European Central Bank

Eurozone inflation rose to zero percent and out of negative territory in October, official data showed Friday, a level that is still low enough to encourage the European Central Bank to pump up its stimulus.

Earlier this month, ECB president Mario Draghi signalled that the central bank could be ready to boost its contested bond-buying programme given low inflation levels across the 19 countries that share the euro.

The EU's Eurostat statistics agency also said eurozone unemployment dropped to 10.8 percent in September.

"Although today’s inflation and unemployment data for the eurozone revealed small improvements, they are still very weak by past standards, suggesting that the ECB cannot afford to delay increasing its policy support much longer," said Jessica Hinds, European economist at Capital Economics.

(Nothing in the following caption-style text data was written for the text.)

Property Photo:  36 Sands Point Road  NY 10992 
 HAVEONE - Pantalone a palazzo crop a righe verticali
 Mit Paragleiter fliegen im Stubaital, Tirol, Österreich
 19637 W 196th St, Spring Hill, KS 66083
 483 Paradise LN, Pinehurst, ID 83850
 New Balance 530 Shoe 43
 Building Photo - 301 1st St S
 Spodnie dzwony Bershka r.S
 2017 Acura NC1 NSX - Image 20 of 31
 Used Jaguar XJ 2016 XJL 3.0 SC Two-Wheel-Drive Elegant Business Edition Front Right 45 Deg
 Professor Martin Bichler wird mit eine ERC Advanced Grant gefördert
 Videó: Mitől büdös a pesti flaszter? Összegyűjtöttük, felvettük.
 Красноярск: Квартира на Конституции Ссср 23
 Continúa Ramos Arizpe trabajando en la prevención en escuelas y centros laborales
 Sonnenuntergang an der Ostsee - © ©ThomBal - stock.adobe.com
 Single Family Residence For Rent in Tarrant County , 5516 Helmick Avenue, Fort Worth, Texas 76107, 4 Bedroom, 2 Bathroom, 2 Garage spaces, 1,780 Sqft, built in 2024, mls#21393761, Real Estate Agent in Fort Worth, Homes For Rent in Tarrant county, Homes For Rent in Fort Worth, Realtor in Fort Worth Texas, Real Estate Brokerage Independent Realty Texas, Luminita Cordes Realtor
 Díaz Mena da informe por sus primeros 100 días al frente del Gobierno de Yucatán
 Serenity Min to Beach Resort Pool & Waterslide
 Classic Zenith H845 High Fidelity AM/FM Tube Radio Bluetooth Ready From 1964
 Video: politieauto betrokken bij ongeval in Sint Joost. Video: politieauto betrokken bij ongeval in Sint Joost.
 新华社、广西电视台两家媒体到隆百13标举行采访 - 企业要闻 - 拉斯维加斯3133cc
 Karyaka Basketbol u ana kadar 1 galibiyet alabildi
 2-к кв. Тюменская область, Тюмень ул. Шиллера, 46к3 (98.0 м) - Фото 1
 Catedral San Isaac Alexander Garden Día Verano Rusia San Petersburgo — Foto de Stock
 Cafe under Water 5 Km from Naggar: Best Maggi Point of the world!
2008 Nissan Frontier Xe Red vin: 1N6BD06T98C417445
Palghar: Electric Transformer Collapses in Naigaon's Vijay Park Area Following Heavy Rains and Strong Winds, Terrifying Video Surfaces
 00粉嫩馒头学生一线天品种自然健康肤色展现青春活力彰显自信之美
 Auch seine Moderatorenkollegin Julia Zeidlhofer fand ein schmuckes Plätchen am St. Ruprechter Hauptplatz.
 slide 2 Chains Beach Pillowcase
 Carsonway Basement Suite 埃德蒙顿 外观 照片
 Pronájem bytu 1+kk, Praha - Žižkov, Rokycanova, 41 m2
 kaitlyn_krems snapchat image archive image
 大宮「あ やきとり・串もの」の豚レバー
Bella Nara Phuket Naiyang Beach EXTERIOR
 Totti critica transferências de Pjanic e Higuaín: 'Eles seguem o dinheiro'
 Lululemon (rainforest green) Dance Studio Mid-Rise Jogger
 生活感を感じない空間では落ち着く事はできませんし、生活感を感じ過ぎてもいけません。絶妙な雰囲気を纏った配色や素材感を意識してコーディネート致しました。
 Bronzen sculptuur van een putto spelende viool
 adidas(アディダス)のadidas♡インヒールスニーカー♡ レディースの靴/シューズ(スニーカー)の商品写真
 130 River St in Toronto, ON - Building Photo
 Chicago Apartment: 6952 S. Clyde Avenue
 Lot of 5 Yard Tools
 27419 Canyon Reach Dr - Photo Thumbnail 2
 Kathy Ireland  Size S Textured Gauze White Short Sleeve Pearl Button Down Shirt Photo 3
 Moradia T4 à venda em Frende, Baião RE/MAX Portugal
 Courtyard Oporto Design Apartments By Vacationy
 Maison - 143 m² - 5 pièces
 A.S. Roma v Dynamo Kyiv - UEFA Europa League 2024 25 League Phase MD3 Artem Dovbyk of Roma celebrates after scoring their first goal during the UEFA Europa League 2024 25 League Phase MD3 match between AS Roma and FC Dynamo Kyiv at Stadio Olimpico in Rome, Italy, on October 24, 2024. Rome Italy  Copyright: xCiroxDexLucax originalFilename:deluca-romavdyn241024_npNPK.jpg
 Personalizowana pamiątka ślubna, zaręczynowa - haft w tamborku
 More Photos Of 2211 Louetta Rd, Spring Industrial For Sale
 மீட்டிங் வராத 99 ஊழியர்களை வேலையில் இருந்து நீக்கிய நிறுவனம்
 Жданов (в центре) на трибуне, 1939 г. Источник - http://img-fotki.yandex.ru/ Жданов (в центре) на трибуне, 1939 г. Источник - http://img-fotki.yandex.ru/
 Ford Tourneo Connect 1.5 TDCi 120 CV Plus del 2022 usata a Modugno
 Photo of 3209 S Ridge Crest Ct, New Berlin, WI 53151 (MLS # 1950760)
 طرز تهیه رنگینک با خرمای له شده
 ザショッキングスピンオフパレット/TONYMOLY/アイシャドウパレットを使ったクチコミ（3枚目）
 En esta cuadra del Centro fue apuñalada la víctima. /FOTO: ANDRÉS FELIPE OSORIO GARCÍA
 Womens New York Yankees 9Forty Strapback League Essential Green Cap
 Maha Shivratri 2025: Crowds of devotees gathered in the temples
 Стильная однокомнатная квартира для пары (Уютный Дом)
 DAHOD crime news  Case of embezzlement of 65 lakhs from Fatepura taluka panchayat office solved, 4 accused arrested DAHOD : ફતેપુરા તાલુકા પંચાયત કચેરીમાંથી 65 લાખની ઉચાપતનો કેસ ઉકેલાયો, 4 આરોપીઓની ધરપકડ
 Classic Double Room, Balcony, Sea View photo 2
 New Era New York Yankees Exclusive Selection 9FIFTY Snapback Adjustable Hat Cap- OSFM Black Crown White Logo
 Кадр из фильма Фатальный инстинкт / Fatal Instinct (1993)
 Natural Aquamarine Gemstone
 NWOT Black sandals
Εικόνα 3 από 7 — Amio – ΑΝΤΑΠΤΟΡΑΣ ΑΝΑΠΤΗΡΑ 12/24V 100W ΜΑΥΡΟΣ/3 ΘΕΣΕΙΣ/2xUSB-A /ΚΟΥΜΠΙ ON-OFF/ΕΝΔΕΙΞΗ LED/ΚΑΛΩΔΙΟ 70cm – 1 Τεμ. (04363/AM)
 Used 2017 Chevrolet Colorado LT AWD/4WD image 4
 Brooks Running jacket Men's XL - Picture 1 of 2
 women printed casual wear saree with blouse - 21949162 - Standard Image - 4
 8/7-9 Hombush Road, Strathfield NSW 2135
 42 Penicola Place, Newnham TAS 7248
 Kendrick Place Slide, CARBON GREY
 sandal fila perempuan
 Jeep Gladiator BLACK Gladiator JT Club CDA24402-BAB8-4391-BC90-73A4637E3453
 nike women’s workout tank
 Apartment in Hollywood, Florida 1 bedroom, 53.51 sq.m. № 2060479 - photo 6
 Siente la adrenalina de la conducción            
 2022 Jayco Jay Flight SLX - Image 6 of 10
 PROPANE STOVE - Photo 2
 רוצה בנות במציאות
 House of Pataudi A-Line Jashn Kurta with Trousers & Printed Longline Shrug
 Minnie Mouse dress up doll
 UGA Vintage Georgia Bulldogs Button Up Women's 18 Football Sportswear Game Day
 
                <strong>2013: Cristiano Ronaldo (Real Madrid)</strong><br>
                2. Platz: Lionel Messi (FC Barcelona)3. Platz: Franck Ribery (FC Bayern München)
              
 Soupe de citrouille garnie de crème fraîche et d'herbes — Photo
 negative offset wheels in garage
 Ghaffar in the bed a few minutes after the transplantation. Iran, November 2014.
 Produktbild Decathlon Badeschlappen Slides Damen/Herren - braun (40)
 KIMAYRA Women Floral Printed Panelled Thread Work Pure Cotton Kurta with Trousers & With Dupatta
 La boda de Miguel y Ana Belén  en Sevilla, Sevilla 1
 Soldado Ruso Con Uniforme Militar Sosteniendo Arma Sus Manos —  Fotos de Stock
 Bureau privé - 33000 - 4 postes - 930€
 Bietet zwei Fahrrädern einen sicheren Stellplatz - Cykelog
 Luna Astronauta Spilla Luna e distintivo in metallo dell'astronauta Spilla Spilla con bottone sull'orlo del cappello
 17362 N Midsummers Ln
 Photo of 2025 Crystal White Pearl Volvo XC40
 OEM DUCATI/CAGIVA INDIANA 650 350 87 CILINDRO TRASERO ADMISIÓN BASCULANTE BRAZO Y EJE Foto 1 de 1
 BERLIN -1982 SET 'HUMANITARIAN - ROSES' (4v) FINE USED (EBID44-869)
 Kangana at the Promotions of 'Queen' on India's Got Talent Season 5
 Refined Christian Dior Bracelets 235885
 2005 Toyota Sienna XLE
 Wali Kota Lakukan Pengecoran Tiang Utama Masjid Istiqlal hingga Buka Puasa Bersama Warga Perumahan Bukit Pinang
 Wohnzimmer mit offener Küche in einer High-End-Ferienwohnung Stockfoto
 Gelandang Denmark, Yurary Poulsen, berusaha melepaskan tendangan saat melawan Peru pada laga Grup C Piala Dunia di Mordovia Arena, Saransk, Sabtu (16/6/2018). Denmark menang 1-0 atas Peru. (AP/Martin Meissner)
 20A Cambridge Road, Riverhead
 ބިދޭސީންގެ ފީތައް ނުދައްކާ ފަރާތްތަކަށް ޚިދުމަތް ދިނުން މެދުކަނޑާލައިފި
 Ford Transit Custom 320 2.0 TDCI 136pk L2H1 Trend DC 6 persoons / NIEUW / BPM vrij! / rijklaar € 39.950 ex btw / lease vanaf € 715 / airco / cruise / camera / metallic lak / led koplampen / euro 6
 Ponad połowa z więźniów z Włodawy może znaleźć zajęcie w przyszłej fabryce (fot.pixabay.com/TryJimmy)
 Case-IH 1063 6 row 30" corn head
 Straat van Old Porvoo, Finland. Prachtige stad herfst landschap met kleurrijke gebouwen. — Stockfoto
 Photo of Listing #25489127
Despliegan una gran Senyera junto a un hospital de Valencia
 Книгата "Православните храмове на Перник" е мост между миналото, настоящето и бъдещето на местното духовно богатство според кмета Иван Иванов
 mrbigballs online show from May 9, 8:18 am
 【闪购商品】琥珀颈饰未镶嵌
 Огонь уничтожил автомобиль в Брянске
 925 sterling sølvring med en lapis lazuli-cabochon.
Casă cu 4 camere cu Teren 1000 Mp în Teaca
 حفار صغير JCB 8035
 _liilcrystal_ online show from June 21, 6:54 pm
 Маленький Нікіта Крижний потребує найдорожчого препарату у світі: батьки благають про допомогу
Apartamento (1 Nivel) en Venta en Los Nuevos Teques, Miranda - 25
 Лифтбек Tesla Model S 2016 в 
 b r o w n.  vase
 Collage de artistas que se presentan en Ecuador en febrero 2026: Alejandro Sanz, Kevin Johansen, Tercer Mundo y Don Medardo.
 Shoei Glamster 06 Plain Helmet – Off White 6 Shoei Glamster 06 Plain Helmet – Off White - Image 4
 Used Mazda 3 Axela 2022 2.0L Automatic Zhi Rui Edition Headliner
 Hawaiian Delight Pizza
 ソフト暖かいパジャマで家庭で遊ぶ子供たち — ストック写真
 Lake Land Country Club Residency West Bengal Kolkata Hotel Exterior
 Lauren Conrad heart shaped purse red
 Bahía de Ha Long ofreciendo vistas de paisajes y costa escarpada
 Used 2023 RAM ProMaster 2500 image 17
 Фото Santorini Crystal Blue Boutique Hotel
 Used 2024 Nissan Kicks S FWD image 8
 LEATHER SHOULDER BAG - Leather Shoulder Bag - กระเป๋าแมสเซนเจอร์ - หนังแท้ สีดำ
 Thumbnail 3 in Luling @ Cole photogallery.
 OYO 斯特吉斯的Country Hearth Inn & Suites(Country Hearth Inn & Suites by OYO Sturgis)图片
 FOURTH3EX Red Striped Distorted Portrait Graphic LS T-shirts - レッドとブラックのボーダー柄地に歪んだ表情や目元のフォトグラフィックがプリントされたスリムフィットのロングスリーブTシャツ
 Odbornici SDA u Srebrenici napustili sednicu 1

In March, the ECB launched a more than one-trillion-euro stimulus plan running through to September next year in order to get inflation closer to its 2.0 percent target.

Despite that, the ECB's chief economist this week told AFP that there is a growing risk that inflation in the eurozone will not return to levels conducive to healthy economic growth opening the door to more central bank action.

"There are no taboos," Peter Praet said, on the measures needed to push inflation back to more suitable levels.

The exit from deflation came as the steep fall in energy prices, led by oil, slowed in October to 8.7 percent annually instead of 8.9 percent the previous month, the data showed.

ING analyst Teunis Brosens said the inflation data made the "inflation anxieties" expressed by the ECB last week seem "odd".

"It is hard to escape the notion that inflation was merely an excuse to talk down the euro exchange rate last week," Brosens said, referring to the euro's strong trading against the US dollar that hurts Europe's exporters.